In a statement, the European council for plasticisers and intermediates (ECPI) said the Commission's decision to propose an immediate ban on phthalates in toys intended to be sucked by young children was "totally unjustified". "There is not a shred of evidence pointing to a risk, let alone a 'serious and immediate risk'," said director David Cadogan, referring to the Commission's justification for the ban, which must now be approved by member states at a meeting later this month.

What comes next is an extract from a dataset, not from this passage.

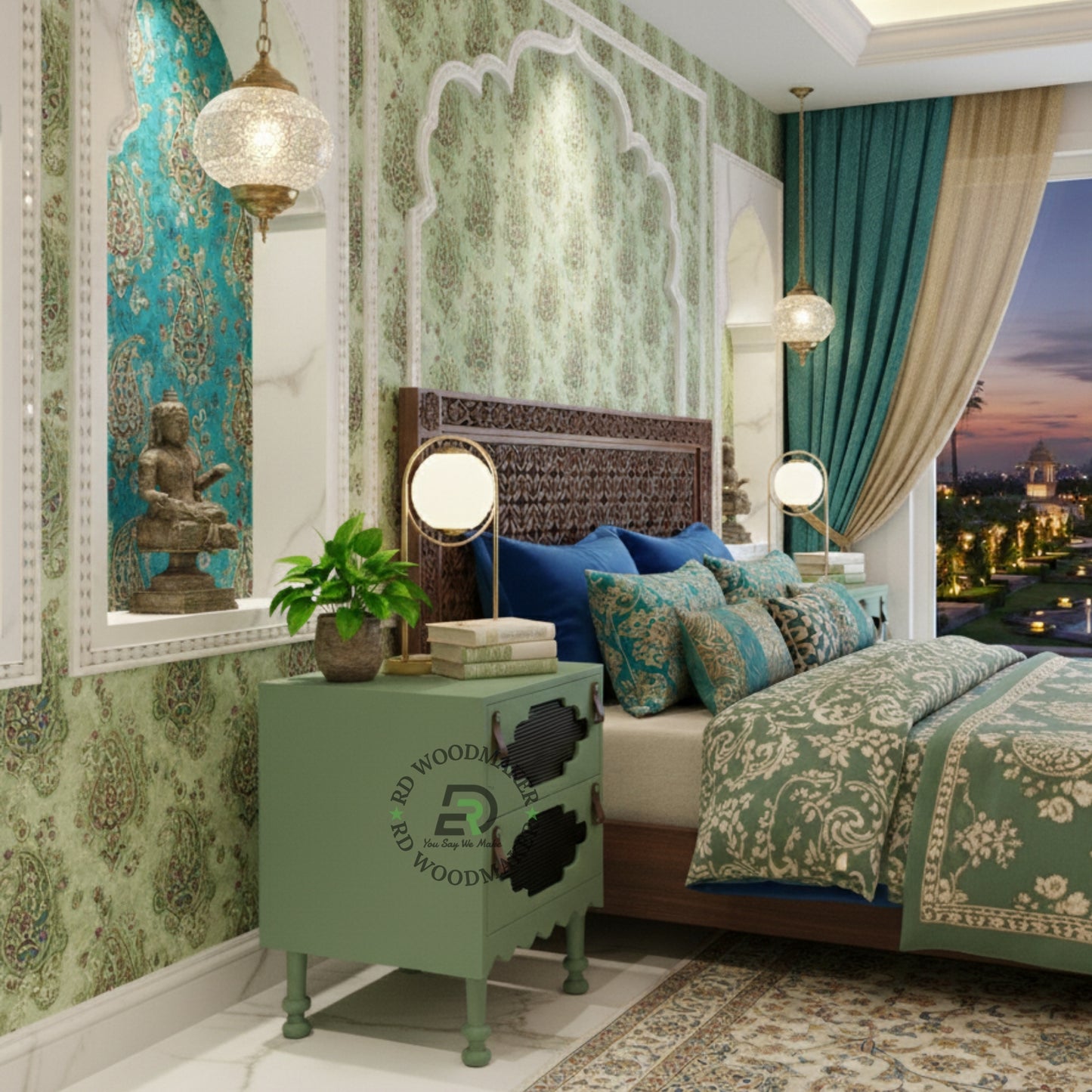 SAGE GREEN BOHEMIAN NIGHTSTAND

The Commission said it was acting on advice from a scientific committee which has concluded that the six phthalates are "liable to cause serious adverse health effects." Mr Cadogan claimed, however, that the Commission had bowed to pressure from Greenpeace and aroused "extreme concern" after "putting politics before science." The industry wants the Commission instead to set maximum limits for the migration of the substances from toys during sucking.
More serious, he said, was the likely consequence that toy manufacturers would have to use other plasticisers or materials about which far less was known. A Commission official confirmed yesterday that any alternatives would have to be approved by its scientific committee as safe for use.
Greenpeace welcomed the move to ban toys containing phthalates designed to be sucked by small children, but said the decision to exclude other baby toys from the ban would "fail to ensure full protection of health." The Commission said it would ask its advisory committee whether it would be appropriate to include other soft PVC toys.
Greenpeace also described as "utterly irresponsible" the Commission's decision not to order a withdrawal of phthalate-containing products already in retailers' stocks and instead to leave such measures to the discretion of individual member states and manufacturers.
Toy industry spokesman Maurits Bruggink told ENDS Daily, however, that consumer pressure meant few of the products covered by the ban now contained phthalates and that "market forces" would remove the rest from sale without difficulty. In contrast, he said, the Commission proposal to label other phthalate-containing toys would cause the industry a "practical problem".